- _Work order_
Your task is to reproduce, exactly and only, the lines running from the line containing "DC7 - 7 isolated" to the end of the data below, both included.

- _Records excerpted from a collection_
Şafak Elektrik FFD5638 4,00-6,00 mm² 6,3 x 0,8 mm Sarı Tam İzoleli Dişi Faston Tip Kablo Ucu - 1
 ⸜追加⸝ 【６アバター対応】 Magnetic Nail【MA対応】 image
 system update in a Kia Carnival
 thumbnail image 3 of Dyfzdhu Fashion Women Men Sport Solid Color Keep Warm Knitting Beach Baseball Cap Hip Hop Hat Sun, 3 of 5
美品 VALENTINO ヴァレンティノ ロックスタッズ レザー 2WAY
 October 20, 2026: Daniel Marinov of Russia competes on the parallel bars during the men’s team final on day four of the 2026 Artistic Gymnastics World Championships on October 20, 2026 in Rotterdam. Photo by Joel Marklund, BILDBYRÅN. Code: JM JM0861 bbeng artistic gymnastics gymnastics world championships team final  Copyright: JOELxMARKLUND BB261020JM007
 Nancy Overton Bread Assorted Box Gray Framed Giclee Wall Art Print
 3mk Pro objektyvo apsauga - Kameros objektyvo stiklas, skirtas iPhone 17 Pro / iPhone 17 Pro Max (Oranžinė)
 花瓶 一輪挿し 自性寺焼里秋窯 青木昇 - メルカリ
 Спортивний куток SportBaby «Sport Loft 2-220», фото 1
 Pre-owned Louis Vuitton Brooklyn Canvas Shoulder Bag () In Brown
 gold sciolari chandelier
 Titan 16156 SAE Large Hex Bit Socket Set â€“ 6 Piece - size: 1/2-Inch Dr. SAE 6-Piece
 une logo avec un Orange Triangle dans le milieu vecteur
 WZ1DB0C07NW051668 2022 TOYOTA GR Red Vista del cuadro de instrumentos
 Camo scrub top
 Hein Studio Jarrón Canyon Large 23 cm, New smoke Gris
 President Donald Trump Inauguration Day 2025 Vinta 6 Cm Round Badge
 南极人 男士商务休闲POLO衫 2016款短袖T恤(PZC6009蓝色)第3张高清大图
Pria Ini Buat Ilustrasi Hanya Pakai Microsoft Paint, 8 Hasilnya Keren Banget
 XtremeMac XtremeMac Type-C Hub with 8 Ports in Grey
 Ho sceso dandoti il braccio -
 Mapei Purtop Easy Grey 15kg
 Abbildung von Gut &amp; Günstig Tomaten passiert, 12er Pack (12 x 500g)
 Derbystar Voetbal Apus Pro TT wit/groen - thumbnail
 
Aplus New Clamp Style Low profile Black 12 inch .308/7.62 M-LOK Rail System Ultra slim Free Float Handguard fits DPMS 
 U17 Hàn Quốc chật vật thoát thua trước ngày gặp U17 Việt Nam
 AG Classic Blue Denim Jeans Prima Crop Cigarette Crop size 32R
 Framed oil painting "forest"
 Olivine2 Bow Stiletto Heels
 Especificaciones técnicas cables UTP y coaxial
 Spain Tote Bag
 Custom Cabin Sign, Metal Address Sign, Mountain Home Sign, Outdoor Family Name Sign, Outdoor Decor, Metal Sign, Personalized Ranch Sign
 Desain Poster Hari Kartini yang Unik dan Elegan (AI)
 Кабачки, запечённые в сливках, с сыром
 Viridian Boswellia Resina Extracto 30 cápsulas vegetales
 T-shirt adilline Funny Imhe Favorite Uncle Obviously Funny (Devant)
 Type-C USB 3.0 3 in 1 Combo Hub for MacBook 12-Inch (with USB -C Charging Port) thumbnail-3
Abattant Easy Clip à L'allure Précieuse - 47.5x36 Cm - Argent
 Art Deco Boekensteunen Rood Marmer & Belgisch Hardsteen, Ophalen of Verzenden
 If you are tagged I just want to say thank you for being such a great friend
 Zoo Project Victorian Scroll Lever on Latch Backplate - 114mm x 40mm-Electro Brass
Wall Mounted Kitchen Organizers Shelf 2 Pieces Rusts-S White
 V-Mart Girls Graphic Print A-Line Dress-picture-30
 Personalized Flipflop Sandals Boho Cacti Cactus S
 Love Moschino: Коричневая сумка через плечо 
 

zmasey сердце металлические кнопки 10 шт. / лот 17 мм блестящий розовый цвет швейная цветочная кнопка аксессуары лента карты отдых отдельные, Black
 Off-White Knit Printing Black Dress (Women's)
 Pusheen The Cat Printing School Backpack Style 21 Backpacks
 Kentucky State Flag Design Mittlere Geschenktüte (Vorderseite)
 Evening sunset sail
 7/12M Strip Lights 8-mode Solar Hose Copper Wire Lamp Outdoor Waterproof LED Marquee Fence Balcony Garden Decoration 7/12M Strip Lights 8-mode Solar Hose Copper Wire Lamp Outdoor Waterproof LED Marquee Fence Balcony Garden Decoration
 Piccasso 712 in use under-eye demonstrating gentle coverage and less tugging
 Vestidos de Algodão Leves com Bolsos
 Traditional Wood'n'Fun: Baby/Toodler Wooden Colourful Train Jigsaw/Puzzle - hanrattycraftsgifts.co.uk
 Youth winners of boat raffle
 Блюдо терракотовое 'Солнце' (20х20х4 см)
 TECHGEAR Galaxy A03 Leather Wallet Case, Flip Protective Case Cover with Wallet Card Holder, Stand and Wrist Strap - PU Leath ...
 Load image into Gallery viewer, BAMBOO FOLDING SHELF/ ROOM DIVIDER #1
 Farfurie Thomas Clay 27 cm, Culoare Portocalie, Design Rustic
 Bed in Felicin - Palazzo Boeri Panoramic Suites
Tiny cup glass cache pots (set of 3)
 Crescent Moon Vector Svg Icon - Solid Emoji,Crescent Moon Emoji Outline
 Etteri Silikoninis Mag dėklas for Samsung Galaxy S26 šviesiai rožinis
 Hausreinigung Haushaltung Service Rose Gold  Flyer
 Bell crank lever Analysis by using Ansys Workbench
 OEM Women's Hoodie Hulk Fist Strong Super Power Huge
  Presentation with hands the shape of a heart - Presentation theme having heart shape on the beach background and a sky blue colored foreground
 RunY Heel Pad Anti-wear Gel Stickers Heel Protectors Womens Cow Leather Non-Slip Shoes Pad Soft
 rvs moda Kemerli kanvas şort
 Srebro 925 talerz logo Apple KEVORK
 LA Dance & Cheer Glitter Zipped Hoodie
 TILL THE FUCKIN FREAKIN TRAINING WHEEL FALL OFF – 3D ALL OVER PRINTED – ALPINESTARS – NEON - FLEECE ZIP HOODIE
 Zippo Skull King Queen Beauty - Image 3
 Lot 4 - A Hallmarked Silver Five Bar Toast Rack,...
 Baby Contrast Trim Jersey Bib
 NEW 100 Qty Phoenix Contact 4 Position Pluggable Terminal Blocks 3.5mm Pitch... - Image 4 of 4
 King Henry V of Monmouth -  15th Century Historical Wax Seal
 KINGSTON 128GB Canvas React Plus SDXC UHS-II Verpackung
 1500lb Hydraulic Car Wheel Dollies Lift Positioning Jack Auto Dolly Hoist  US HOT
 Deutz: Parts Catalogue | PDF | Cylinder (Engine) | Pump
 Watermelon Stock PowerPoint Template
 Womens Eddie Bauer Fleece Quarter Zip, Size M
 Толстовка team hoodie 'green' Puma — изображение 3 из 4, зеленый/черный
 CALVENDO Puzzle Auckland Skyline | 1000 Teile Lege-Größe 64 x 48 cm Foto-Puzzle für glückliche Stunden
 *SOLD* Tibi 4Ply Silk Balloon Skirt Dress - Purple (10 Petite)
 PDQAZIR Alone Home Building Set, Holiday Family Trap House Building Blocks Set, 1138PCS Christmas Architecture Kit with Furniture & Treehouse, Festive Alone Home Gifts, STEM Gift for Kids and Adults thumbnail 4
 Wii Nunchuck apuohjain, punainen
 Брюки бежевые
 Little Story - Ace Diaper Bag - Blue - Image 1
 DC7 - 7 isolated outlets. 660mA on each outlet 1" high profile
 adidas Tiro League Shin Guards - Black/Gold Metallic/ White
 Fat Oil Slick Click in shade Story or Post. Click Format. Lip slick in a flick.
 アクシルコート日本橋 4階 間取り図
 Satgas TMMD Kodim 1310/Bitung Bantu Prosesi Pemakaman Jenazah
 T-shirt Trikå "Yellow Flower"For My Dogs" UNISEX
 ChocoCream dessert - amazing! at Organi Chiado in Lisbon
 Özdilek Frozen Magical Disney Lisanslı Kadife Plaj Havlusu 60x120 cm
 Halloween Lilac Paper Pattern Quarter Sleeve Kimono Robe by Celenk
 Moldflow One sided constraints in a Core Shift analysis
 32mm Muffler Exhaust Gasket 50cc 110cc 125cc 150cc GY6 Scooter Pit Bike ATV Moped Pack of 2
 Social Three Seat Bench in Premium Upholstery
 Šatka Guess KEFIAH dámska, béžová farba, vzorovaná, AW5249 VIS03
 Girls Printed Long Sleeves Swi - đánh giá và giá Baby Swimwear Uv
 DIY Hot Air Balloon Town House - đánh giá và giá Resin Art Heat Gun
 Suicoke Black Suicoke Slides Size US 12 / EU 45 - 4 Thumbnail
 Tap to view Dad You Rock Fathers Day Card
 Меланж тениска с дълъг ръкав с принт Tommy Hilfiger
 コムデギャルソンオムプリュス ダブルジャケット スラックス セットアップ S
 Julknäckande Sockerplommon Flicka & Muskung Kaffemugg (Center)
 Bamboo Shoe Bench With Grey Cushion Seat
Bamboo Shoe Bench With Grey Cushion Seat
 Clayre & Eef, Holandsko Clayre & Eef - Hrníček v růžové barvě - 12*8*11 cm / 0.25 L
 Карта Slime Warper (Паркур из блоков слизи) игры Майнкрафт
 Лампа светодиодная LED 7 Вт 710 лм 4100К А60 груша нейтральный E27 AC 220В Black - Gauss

- _Answer_
 DC7 - 7 isolated outlets. 660mA on each outlet 1" high profile
 adidas Tiro League Shin Guards - Black/Gold Metallic/ White
 Fat Oil Slick Click in shade Story or Post. Click Format. Lip slick in a flick.
 アクシルコート日本橋 4階 間取り図
 Satgas TMMD Kodim 1310/Bitung Bantu Prosesi Pemakaman Jenazah
 T-shirt Trikå "Yellow Flower"For My Dogs" UNISEX
 ChocoCream dessert - amazing! at Organi Chiado in Lisbon
 Özdilek Frozen Magical Disney Lisanslı Kadife Plaj Havlusu 60x120 cm
 Halloween Lilac Paper Pattern Quarter Sleeve Kimono Robe by Celenk
 Moldflow One sided constraints in a Core Shift analysis
 32mm Muffler Exhaust Gasket 50cc 110cc 125cc 150cc GY6 Scooter Pit Bike ATV Moped Pack of 2
 Social Three Seat Bench in Premium Upholstery
 Šatka Guess KEFIAH dámska, béžová farba, vzorovaná, AW5249 VIS03
 Girls Printed Long Sleeves Swi - đánh giá và giá Baby Swimwear Uv
 DIY Hot Air Balloon Town House - đánh giá và giá Resin Art Heat Gun
 Suicoke Black Suicoke Slides Size US 12 / EU 45 - 4 Thumbnail
 Tap to view Dad You Rock Fathers Day Card
 Меланж тениска с дълъг ръкав с принт Tommy Hilfiger
 コムデギャルソンオムプリュス ダブルジャケット スラックス セットアップ S
 Julknäckande Sockerplommon Flicka & Muskung Kaffemugg (Center)
 Bamboo Shoe Bench With Grey Cushion Seat
Bamboo Shoe Bench With Grey Cushion Seat
 Clayre & Eef, Holandsko Clayre & Eef - Hrníček v růžové barvě - 12*8*11 cm / 0.25 L
 Карта Slime Warper (Паркур из блоков слизи) игры Майнкрафт
 Лампа светодиодная LED 7 Вт 710 лм 4100К А60 груша нейтральный E27 AC 220В Black - Gauss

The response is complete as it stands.